Decken recorded this disc at his own recording studio in Rochester, New Hampshire. Aside from featuring himself on guitars and vocals, Decken wisely cast Kim Riley as the album’s primary lead vocalist. A rangy, experienced singer, Riley brings quite a rich voice to the proceedings. For his rhythm section, Decken brought in five string bass player Tom Davis and prog-rock drummer Ron Stewart. Drummer Travis Barton plays on one track.
Famous Jane open their disc with title track “New Persuasion.” The band rolls right in with palpable, catchy instrumentation and Riley’s lead vocal sounding real as it smoothly rides this roots rock anthem like a Harley on a hilly route. Decken’s lead guitar, chockfull of rustic charm, roots this song in the Americana tradition with its tasteful perks. He pays out a meaningful melodic line, one that keeps hitting the ear and the heart just right, augmenting the feeling of the song perfectly. Moments when the lead guitar line and Riley’s vocal sustains happen simultaneously make the listener realize there is more good music to come.

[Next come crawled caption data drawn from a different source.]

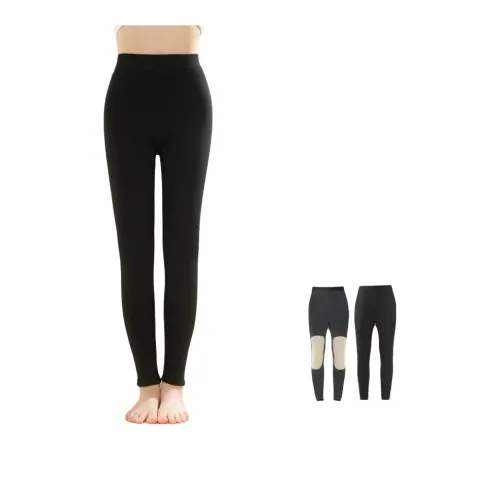 Lan Miao Черный Серый Флис С Подкладкой Термобрюки Женские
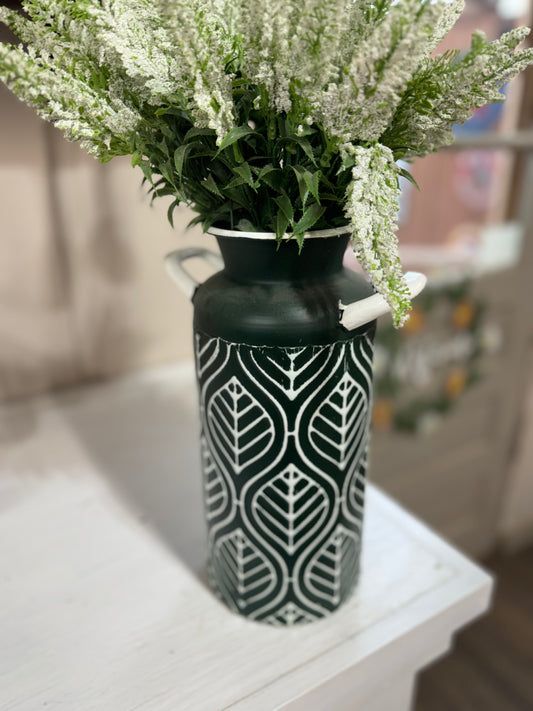 Green Vase with White Leaf Pattern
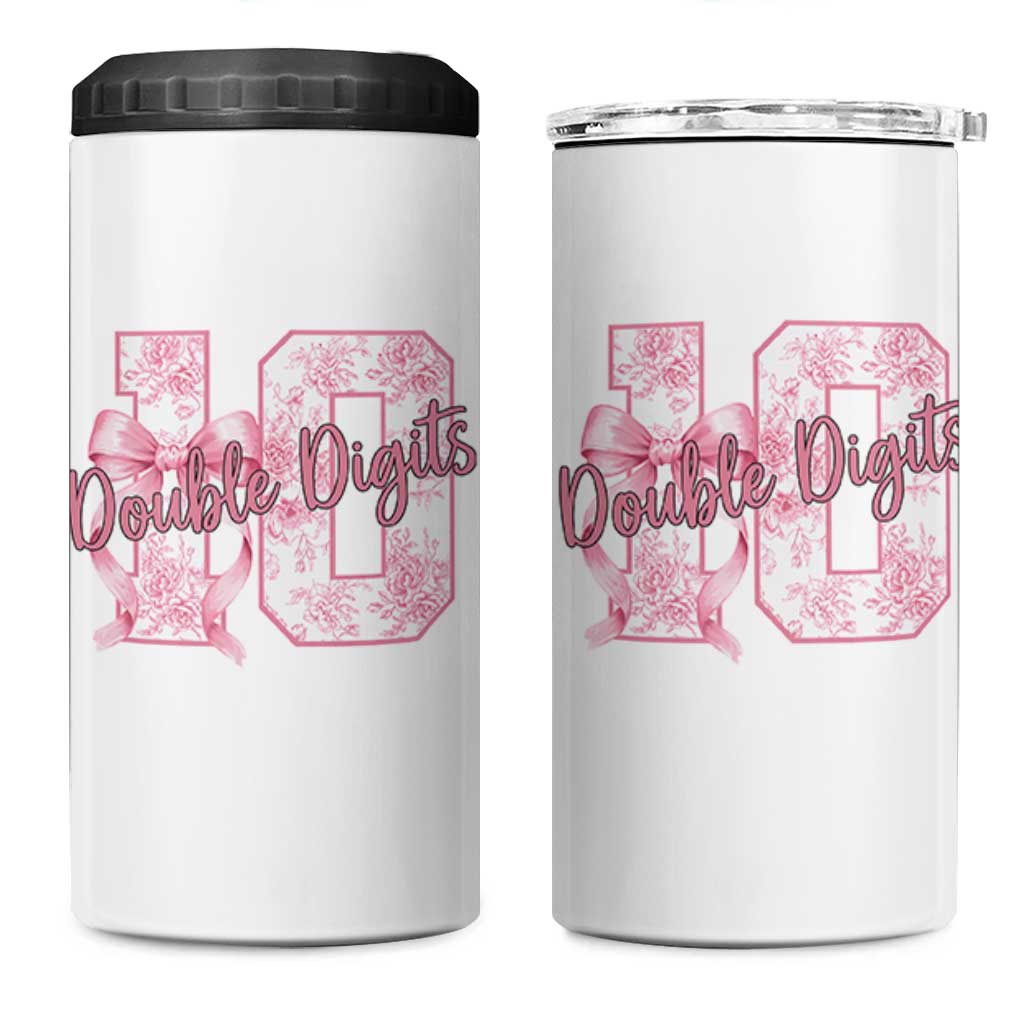 10th Birthday 4 in 1 Can Cooler Tumbler Double Digits Pink Coquette Bow 10 Year Old Aesthetic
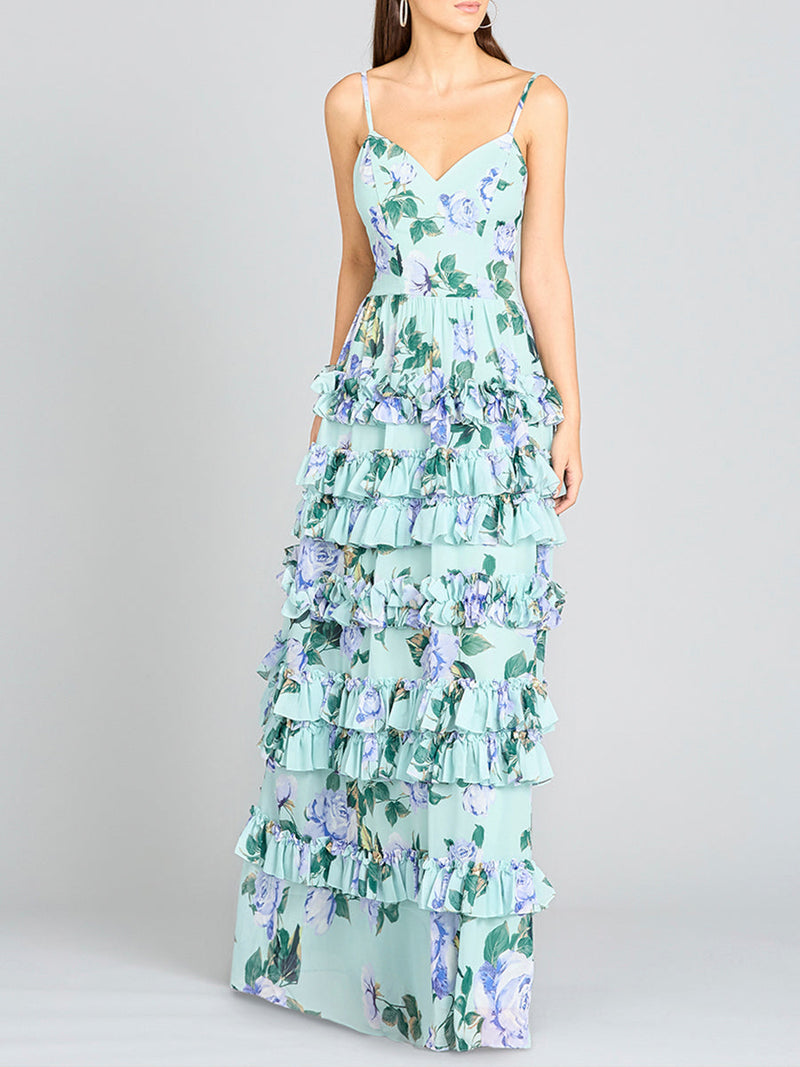 Ruffle Skirt Printed Gown with Spaghetti Straps - OUTLET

There is just too much potential in the first song not to.
“Rain On Me” is a total gem. Riley’s rich vocal timbre imbues this one with a spiritual ebullience. Her vocal melody line, empowered by her rangy belts, tasteful sustains, and gritty emotive presentation, is a perfect sister to Decken’s rootsie, twangy guitar line. Not to mention another fine layer of flavoring from Decken’s Dobro. Riley sings it like she means it while that old time country roots guitar also does a lot of the talking. A bunch of drum fills from Stewart help keep it rooted while smacking the song through its changes.
“Beside You” rides a dual vocal line well, Decken and Riley serving up a solid, earthy substance, blending like they were born to sing together. Meanwhile, Decken’s guitar carries a lot of weight with its tasteful twists and turns, motor powered as it moves forward. The chorus here is catchy enough for radio, if only radio knew what to do with this genre in 2015.
Riley’s voice is a soft, whispery beauty on “Bridges,” a down tempo, guitar colored dandy. Electric and acoustic guitars percolate with brittle, tender, rustic notes as the drummer applies a percussive pattern that accompanies well. Bass guitarist Tom Davis meets the song’s need for a beat. He’s the one who carries all of the down tempo activities going on overhead, making it move with considerate timing.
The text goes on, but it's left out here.